* **Instructions to follow**
I need each line of the entries below that includes the string "background".

(Beginning of Data provided)

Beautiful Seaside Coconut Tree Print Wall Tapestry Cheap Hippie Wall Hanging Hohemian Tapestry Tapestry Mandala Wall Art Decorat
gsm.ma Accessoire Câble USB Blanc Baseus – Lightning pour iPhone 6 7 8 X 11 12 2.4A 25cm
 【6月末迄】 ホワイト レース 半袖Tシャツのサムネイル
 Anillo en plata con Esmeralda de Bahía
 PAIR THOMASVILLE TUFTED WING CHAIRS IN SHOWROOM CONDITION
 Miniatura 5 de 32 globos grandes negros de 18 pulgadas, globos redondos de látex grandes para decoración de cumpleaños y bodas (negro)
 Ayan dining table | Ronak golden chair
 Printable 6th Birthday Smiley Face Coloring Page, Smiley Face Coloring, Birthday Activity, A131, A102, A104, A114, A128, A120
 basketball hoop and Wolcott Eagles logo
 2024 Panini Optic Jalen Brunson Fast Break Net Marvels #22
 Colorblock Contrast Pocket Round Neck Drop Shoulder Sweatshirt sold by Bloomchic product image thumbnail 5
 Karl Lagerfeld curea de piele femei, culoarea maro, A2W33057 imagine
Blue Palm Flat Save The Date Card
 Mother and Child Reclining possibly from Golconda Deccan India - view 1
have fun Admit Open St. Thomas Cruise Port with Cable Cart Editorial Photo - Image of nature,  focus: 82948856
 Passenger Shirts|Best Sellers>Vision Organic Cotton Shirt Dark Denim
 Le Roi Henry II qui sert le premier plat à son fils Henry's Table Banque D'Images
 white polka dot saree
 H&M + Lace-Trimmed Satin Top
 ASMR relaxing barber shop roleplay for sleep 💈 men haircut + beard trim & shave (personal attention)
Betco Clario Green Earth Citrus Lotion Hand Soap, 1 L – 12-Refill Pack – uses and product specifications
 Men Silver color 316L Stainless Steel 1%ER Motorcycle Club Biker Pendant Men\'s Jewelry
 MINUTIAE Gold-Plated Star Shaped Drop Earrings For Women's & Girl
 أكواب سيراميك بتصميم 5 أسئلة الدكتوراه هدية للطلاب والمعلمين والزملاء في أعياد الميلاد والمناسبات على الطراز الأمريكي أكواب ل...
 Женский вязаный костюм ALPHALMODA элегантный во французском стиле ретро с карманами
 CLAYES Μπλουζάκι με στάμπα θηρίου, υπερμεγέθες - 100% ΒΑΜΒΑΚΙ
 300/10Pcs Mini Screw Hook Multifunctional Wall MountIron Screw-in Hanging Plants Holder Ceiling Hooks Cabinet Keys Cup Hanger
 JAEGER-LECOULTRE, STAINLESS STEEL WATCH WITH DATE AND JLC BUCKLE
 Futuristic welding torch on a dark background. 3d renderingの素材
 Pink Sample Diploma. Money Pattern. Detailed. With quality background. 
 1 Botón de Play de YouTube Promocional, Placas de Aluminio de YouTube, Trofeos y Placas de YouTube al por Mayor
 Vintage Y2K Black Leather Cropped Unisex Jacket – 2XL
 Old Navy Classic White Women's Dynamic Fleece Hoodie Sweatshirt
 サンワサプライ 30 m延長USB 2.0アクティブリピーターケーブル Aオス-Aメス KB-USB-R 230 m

(End of Data provided)

* **Exercise solution**
 Futuristic welding torch on a dark background. 3d renderingの素材
 Pink Sample Diploma. Money Pattern. Detailed. With quality background. 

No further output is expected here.